◆ **DATA**:
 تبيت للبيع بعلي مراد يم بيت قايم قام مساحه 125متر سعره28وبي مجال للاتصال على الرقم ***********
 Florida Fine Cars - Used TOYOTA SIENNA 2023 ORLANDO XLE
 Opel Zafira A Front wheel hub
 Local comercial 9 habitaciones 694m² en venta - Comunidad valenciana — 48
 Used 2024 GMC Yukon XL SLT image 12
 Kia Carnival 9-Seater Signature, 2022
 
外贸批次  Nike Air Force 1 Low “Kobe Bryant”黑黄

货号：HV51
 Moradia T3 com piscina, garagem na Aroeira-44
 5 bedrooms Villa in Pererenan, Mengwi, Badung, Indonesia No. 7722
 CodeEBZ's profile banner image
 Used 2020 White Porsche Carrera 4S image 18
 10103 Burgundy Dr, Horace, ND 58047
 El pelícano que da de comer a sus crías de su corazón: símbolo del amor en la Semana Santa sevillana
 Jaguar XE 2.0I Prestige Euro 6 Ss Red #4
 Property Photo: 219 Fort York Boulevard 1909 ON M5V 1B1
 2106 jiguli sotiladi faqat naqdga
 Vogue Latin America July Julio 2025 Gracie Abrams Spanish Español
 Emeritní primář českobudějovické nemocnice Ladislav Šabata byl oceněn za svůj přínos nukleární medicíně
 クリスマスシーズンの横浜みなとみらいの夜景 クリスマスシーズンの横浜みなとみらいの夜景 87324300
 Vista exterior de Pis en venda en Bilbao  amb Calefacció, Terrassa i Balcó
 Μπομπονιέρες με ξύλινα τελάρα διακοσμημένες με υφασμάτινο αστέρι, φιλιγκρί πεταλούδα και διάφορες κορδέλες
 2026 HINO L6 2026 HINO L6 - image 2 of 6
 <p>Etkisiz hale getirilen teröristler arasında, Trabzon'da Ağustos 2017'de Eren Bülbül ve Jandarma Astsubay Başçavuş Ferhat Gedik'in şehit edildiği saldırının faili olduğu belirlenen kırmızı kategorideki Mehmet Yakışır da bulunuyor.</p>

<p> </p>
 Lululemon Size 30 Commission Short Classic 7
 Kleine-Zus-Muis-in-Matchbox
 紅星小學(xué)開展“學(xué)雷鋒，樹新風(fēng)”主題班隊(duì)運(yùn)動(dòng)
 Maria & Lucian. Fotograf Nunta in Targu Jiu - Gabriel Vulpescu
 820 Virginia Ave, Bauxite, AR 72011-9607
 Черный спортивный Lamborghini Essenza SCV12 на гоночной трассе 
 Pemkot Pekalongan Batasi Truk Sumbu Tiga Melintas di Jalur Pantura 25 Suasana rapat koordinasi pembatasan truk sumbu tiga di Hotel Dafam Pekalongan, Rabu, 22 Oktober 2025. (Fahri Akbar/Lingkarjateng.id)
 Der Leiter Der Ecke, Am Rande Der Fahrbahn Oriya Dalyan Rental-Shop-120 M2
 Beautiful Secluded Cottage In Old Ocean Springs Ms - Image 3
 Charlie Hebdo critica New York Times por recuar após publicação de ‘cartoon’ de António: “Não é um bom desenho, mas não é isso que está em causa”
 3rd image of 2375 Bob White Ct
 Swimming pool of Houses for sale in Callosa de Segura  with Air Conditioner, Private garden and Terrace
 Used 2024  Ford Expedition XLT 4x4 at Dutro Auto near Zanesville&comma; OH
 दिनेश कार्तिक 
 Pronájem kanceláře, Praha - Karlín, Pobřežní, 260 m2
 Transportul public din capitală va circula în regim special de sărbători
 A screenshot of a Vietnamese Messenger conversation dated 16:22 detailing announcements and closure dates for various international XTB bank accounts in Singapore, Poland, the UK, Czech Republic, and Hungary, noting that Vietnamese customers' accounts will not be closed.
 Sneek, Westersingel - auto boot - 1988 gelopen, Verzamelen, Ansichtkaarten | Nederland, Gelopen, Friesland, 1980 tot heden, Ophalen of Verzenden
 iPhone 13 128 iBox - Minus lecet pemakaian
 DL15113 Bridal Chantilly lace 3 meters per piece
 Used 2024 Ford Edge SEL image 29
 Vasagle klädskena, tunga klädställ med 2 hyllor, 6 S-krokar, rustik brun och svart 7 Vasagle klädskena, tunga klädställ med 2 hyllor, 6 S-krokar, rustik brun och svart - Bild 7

◆ **TASK PROMPT**:
Since only part of the listing is wanted, copy exactly the lines from the one holding "Vogue Latin America" to the one holding "3rd image of 2375 Bob White Ct", both included.

◆ **RESULT OF THE EXERCISE**:
 Vogue Latin America July Julio 2025 Gracie Abrams Spanish Español
 Emeritní primář českobudějovické nemocnice Ladislav Šabata byl oceněn za svůj přínos nukleární medicíně
 クリスマスシーズンの横浜みなとみらいの夜景 クリスマスシーズンの横浜みなとみらいの夜景 87324300
 Vista exterior de Pis en venda en Bilbao  amb Calefacció, Terrassa i Balcó
 Μπομπονιέρες με ξύλινα τελάρα διακοσμημένες με υφασμάτινο αστέρι, φιλιγκρί πεταλούδα και διάφορες κορδέλες
 2026 HINO L6 2026 HINO L6 - image 2 of 6
 <p>Etkisiz hale getirilen teröristler arasında, Trabzon'da Ağustos 2017'de Eren Bülbül ve Jandarma Astsubay Başçavuş Ferhat Gedik'in şehit edildiği saldırının faili olduğu belirlenen kırmızı kategorideki Mehmet Yakışır da bulunuyor.</p>

<p> </p>
 Lululemon Size 30 Commission Short Classic 7
 Kleine-Zus-Muis-in-Matchbox
 紅星小學(xué)開展“學(xué)雷鋒，樹新風(fēng)”主題班隊(duì)運(yùn)動(dòng)
 Maria & Lucian. Fotograf Nunta in Targu Jiu - Gabriel Vulpescu
 820 Virginia Ave, Bauxite, AR 72011-9607
 Черный спортивный Lamborghini Essenza SCV12 на гоночной трассе 
 Pemkot Pekalongan Batasi Truk Sumbu Tiga Melintas di Jalur Pantura 25 Suasana rapat koordinasi pembatasan truk sumbu tiga di Hotel Dafam Pekalongan, Rabu, 22 Oktober 2025. (Fahri Akbar/Lingkarjateng.id)
 Der Leiter Der Ecke, Am Rande Der Fahrbahn Oriya Dalyan Rental-Shop-120 M2
 Beautiful Secluded Cottage In Old Ocean Springs Ms - Image 3
 Charlie Hebdo critica New York Times por recuar após publicação de ‘cartoon’ de António: “Não é um bom desenho, mas não é isso que está em causa”
 3rd image of 2375 Bob White Ct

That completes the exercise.